» **EXERCISE GOAL**
Please set out each line below exactly as it stands, without the images.

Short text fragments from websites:
- Opening Delimiter -

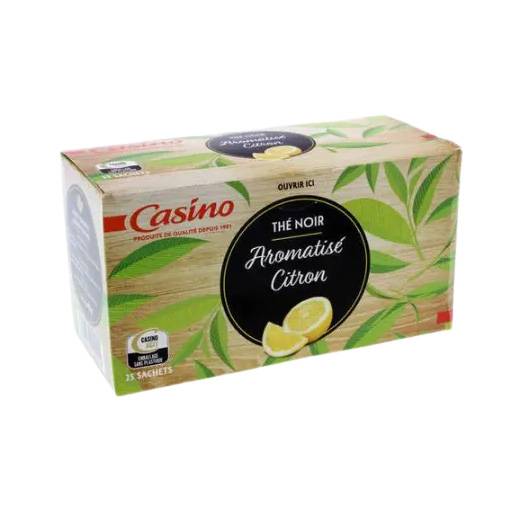 CASINO THE NOIR AROMATISE CITRON 45G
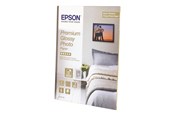 Papir, Fotopapir og Etiketter - Epson Premium Glossy Photo Paper - C13S042154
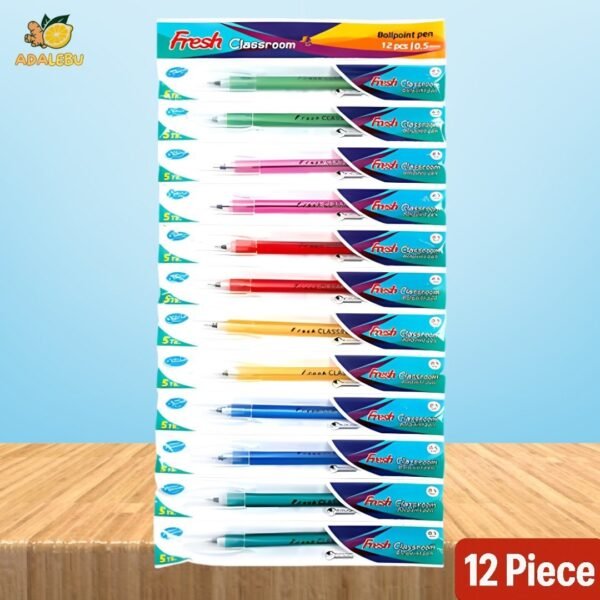Fresh Classroom Ball Pen Black Ink
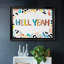 "90s phrases l'enfer ouais III", reproduction d'art sur toile-2079031811-2079031837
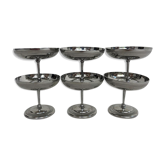 6 stainless steel cups Remy Letang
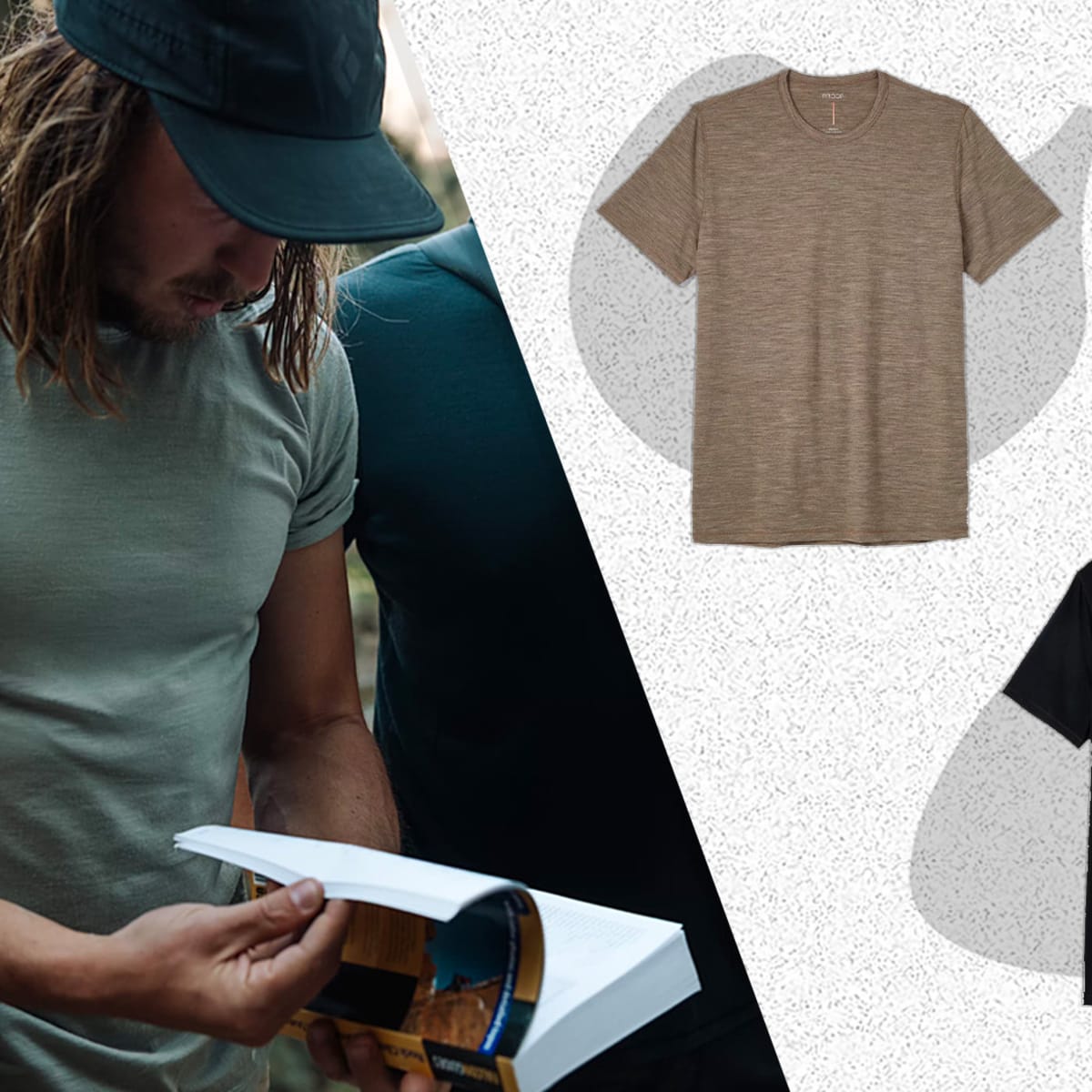 proof merino tee
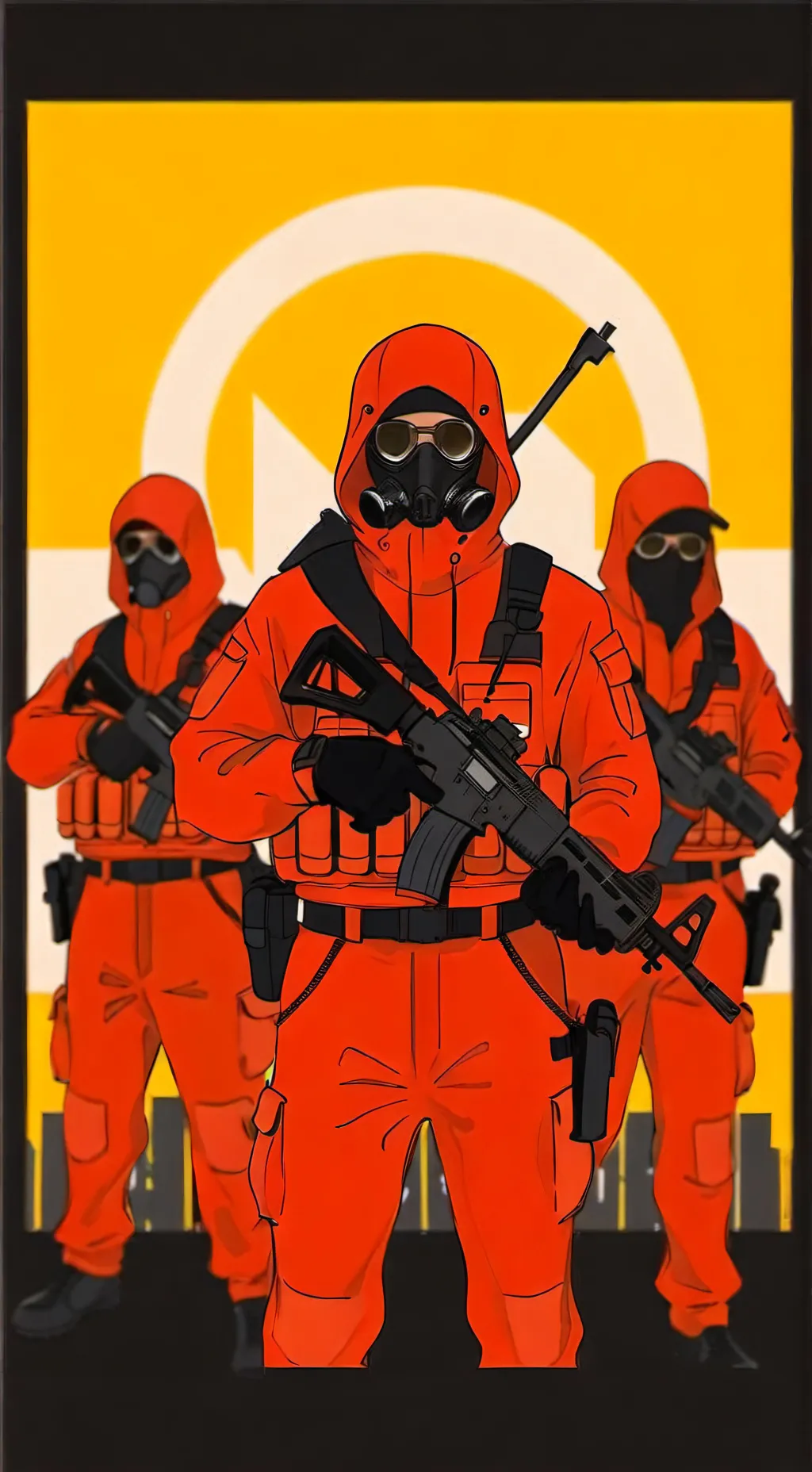 ai character: guardias  background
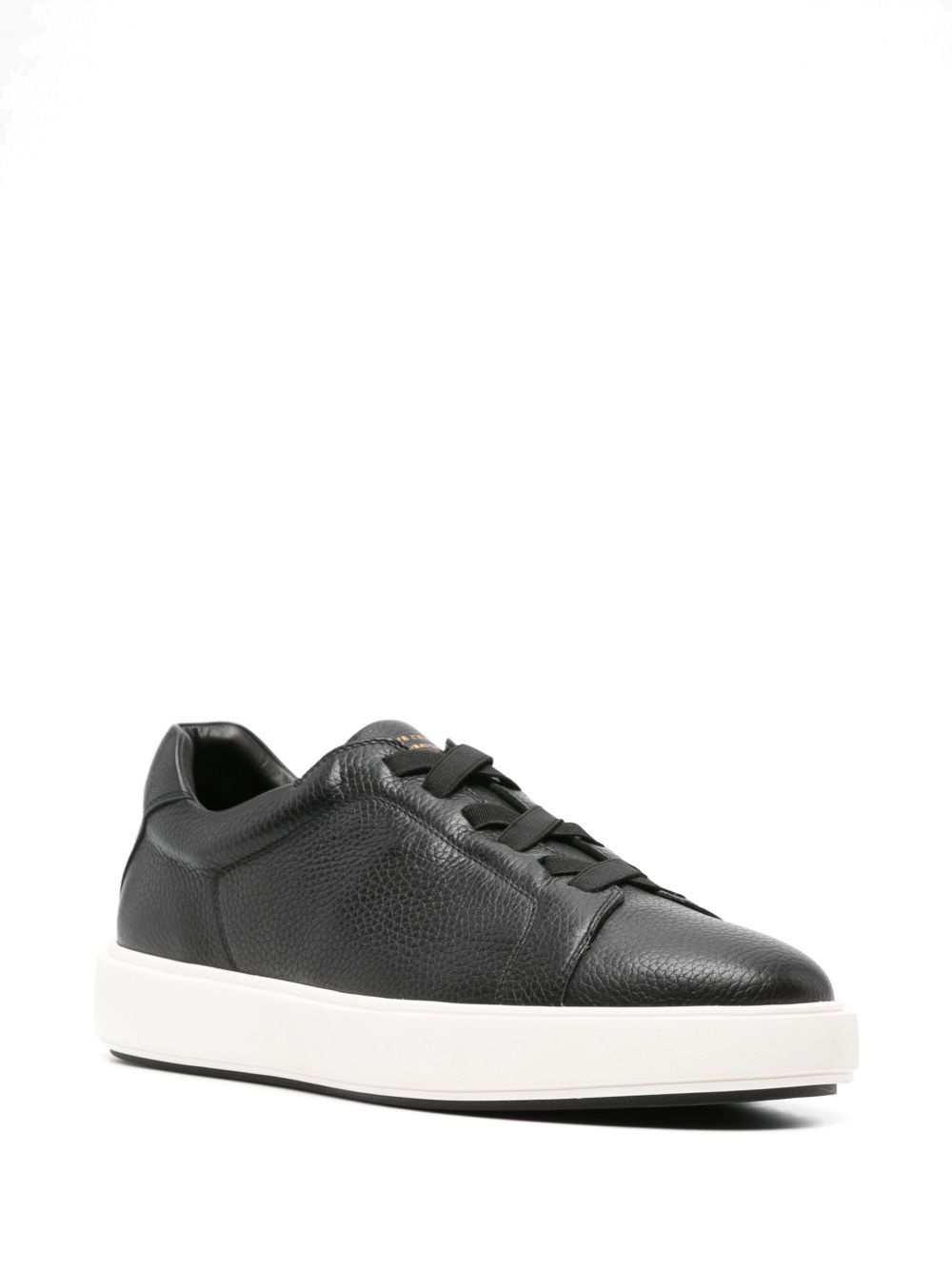 Slouch 001 leather sneakers - 2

- Closing Delimiter -

» **WRITTEN REPLY**
 CASINO THE NOIR AROMATISE CITRON 45G
 Papir, Fotopapir og Etiketter - Epson Premium Glossy Photo Paper - C13S042154
Fresh Classroom Ball Pen Black Ink
 "90s phrases l'enfer ouais III", reproduction d'art sur toile-2079031811-2079031837
 6 stainless steel cups Remy Letang
 proof merino tee
 ai character: guardias  background
 Slouch 001 leather sneakers - 2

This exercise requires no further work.